Chris Druery was among a group of three visitors in a four-wheel-drive south of Eli Creek on Fraser Island on October 1 last year when they saw an approaching vehicle drive directly towards a dingo pup.

“[The driver] pointed their vehicle directly towards the pup and sped up, attempting to run it down,” Mr Druery said.  “They also swerved violently towards the pup, missing it by only centimetres.  “We watched the pup cower and run towards the surf with its hind legs tucked up under its rear end.”

Mr Druery said those in the offending four-wheel-drive were laughing during their attempts to run the dingo down.  “It is disappointing that such a jewel in the crown can be tarnished by clowns that drive dangerously on the beach,” he said.

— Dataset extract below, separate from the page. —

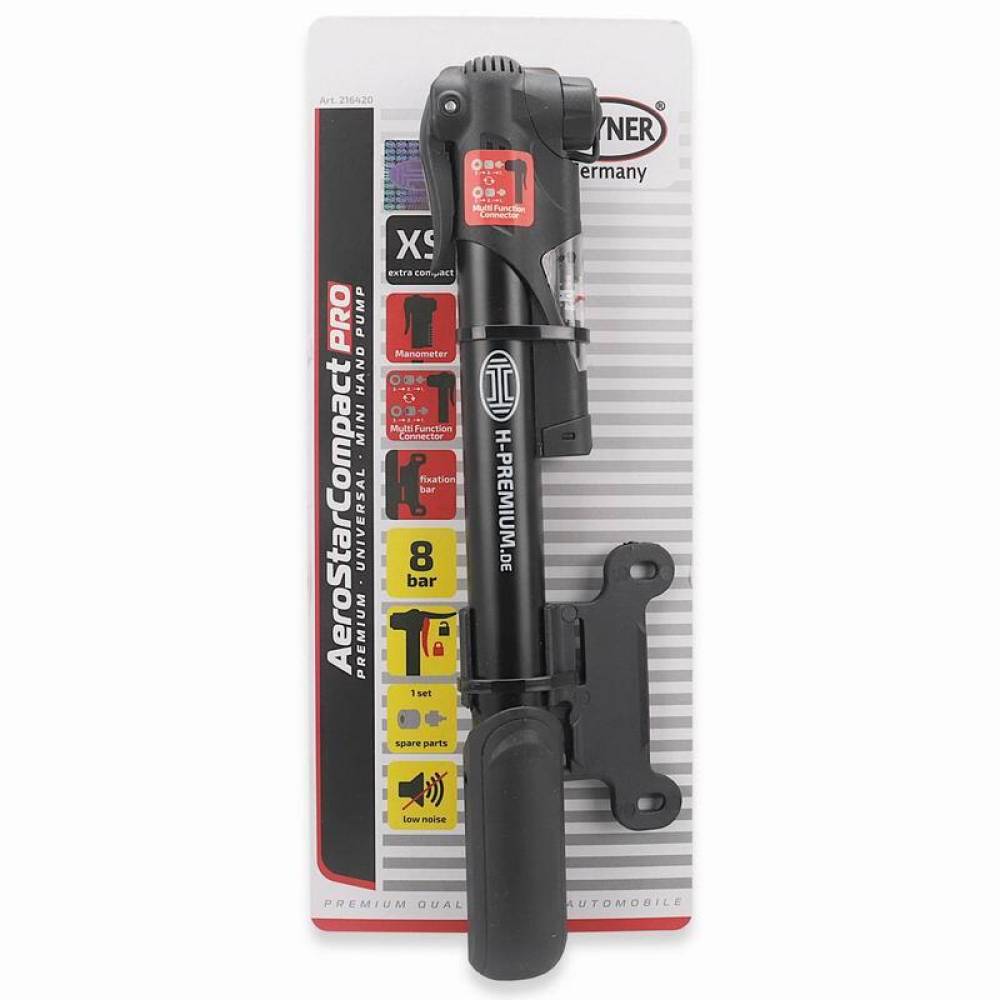 Pompa bicicleta cu manometru, 25x5cm, aluminiu, 8 bar -116 psi, cu suport de prindere, Hand Pump Pro, 216.42 Heyner Pompa bicicleta cu manometru, 25x5cm, aluminiu, 8 bar -116 psi, cu suport de prindere, Hand Pump Pro, 216.42 Heyner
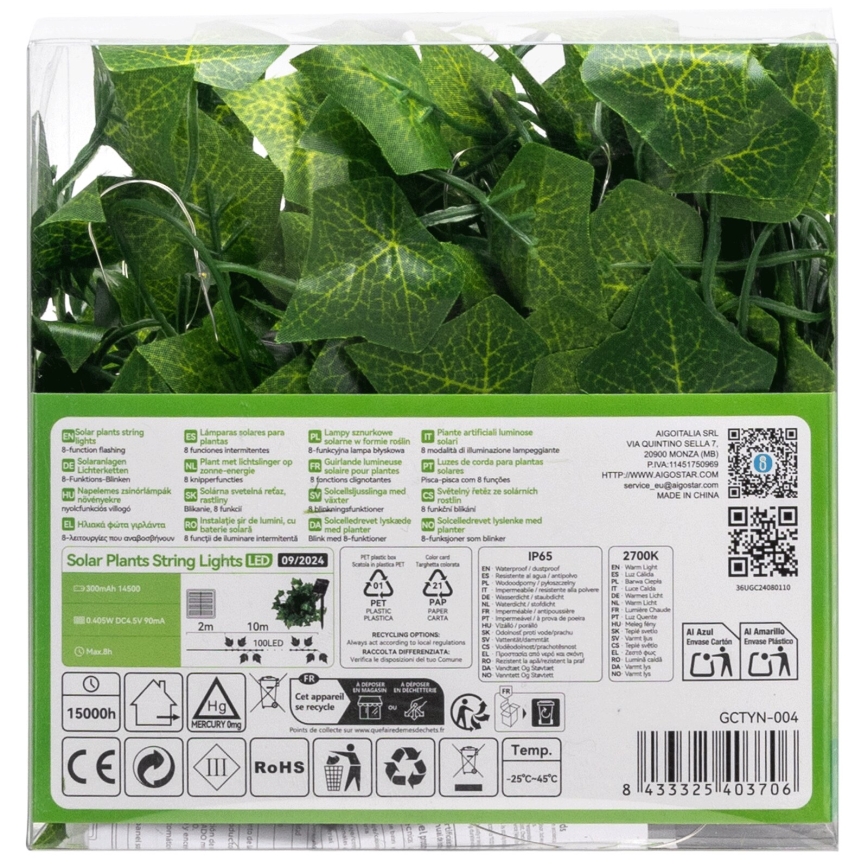 Aigostar - LED solarni lanac 100xLED/12m IP65 300 mAh topla bela ivy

Ms Jashin said the three dingoes in photographs she snapped last year were heading towards Eurong township beachfront when they were harassed by backpackers.

“The pups were simply minding their own business when the girls screamed and the young male backpacker began to aggressively yell, run at, and kick sand at the pups,” she said.
Rather than dissuade the dogs, the yelling attracted them towards the group.  “The backpackers all jumped in the vehicle and drove up close to them to take pics,” she said.  She said all three of the pups had been destroyed after exhibiting allegedly aggressive behaviour towards humans.

[Source: ‘Tourists ‘threatening dingo extinction’, by AAP, 20100317, ^http://www.smh.com.au/environment/conservation/tourists-threatening-dingo-extinction-20100317-qe1o.html].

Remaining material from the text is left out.